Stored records
╭──

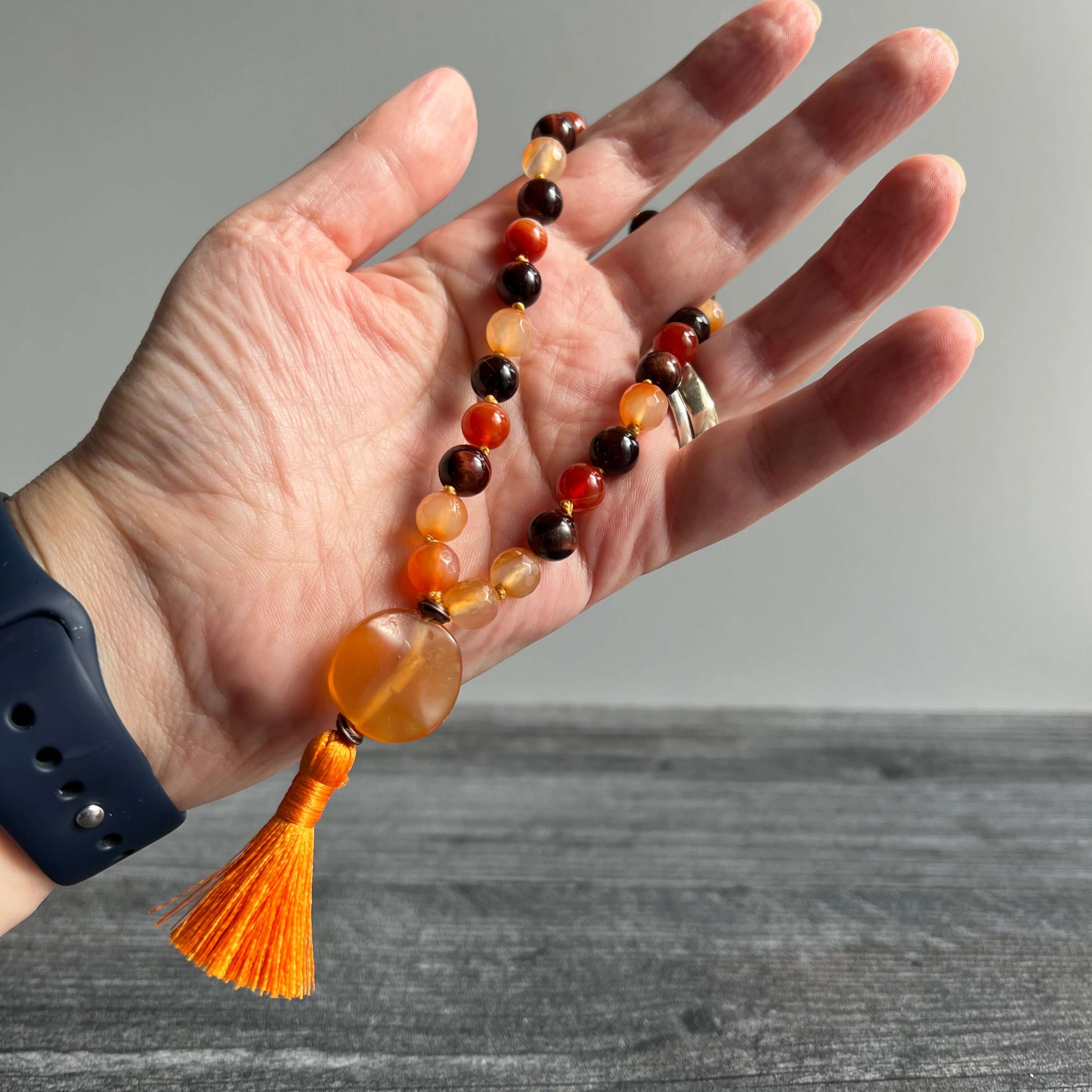 Sacral Chakra Meditation Mala – 27 Beads of Carnelian & Red Tiger Eye - Collective Awakening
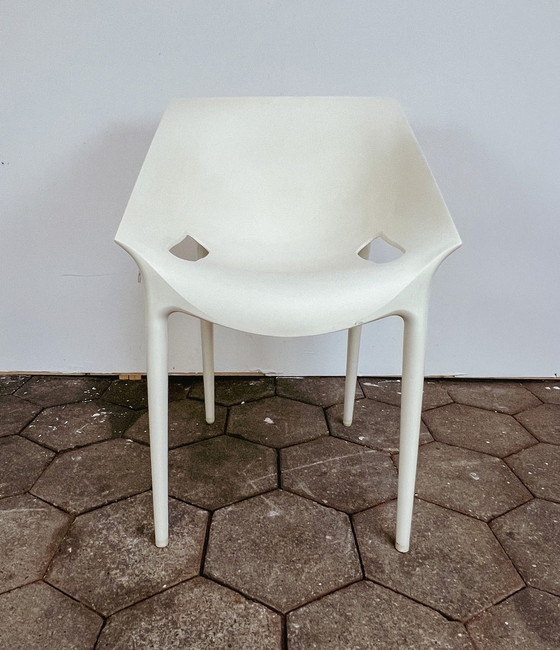 Image 1 of Set of 6 white Kartell Dr Yes chairs, after 2000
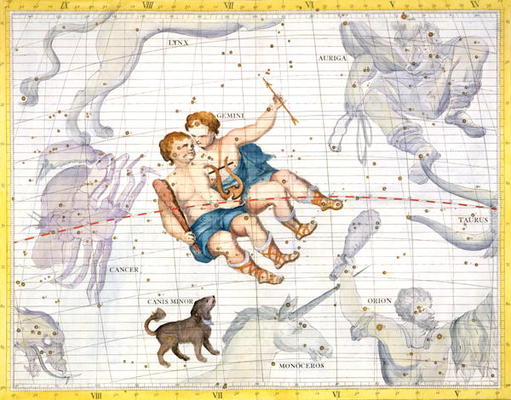 Constellation of Gemini with Canis Minor, plate 13 from 'Atlas Coelestis', by John Flamsteed (1646-1 van Sir James Thornhill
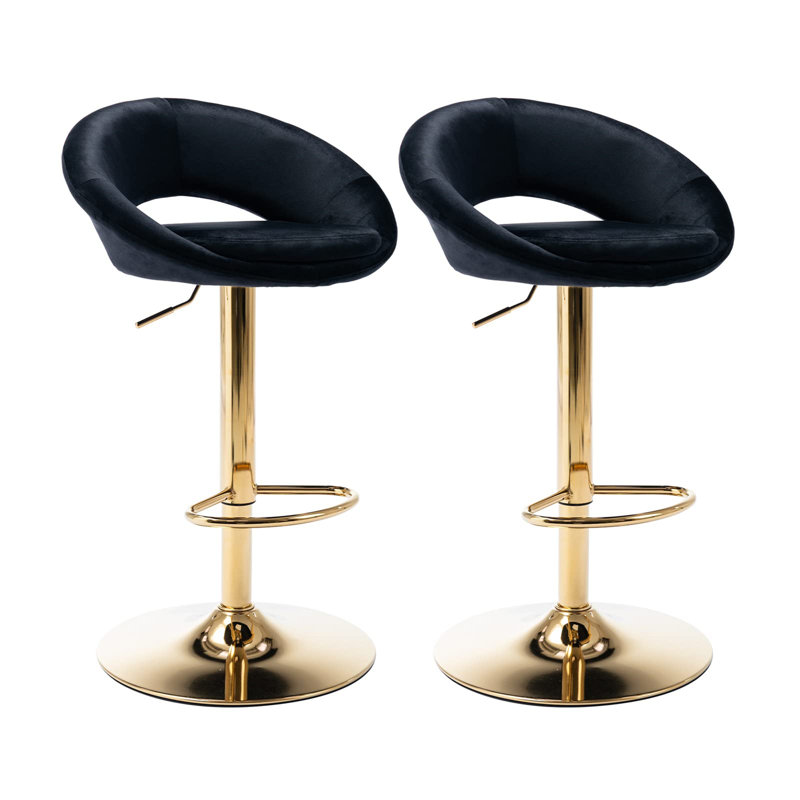 Swivel Upholstered Adjustable Height Counter Stool with Metal Frame, Black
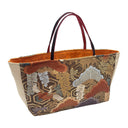 Russet Pines obi bag made from a vintage Japanese obi, with stylized pines, a folding fan and small cranes over golden hexagons, view 4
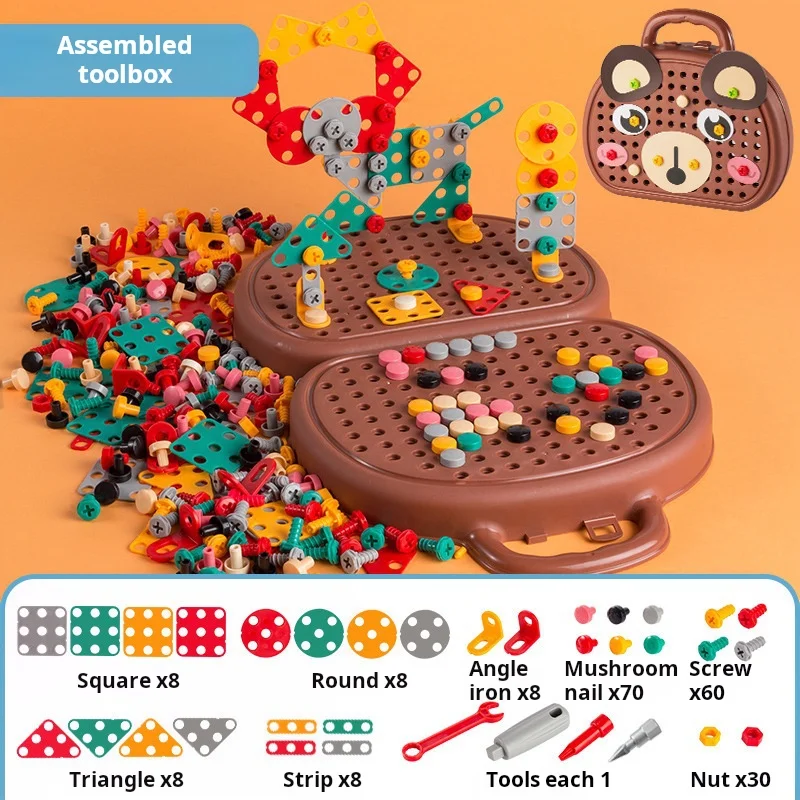 Puzzle Montagem Brinquedos para Crianças, Chave De Fenda Elétrica, Kit De Reparação De Parafuso, Brinquedo Educativo, Caixa De Ferramentas Do Bebê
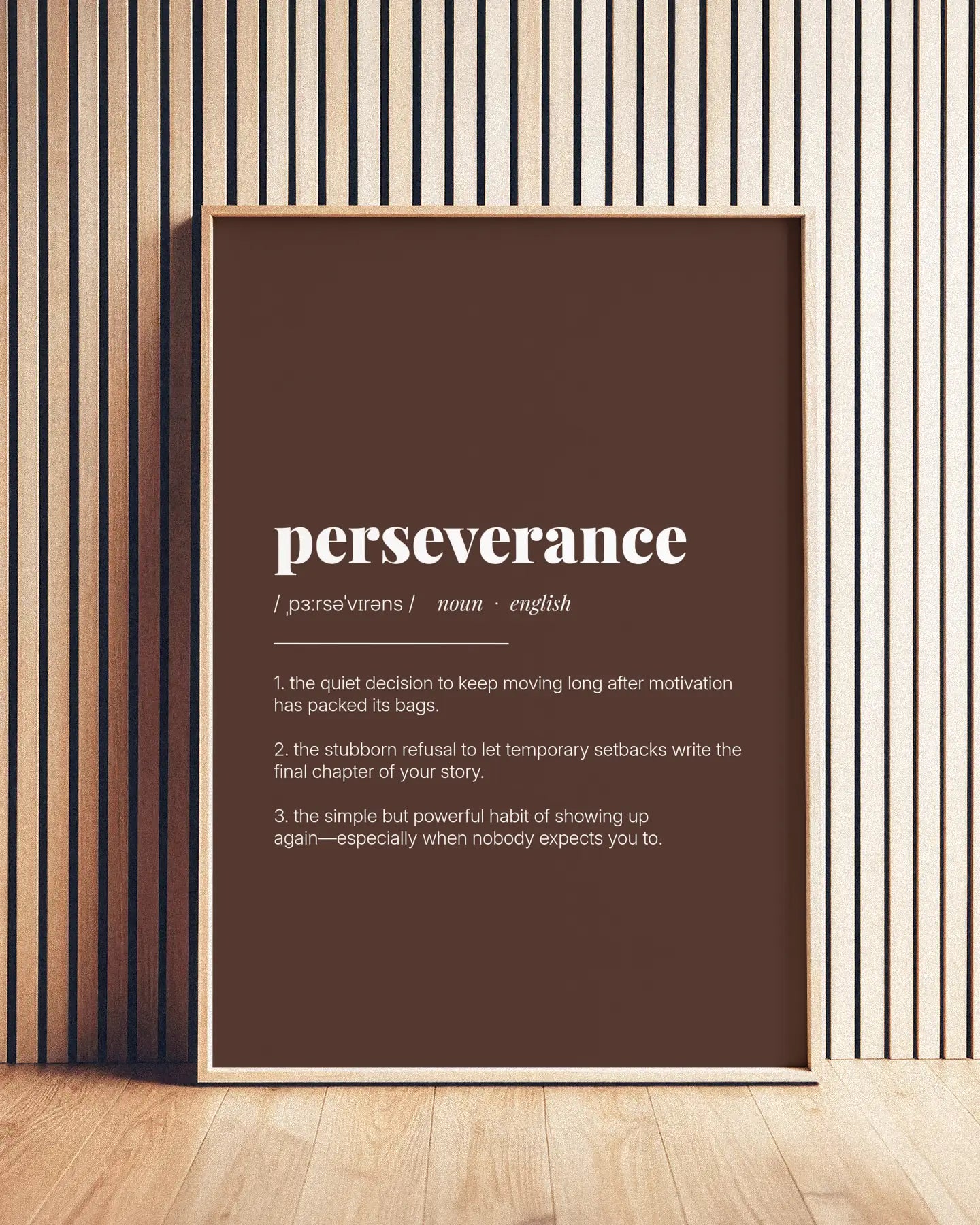 Definition Poster of Perseverance on Espresso background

╰──

• [WORK ORDER]:
Leaving the pictures out, set down exactly the lines from the one with "Russet Pines obi" through the end of the records.

• [OUTPUT]:
 Russet Pines obi bag made from a vintage Japanese obi, with stylized pines, a folding fan and small cranes over golden hexagons, view 4
 Puzzle Montagem Brinquedos para Crianças, Chave De Fenda Elétrica, Kit De Reparação De Parafuso, Brinquedo Educativo, Caixa De Ferramentas Do Bebê
 Definition Poster of Perseverance on Espresso background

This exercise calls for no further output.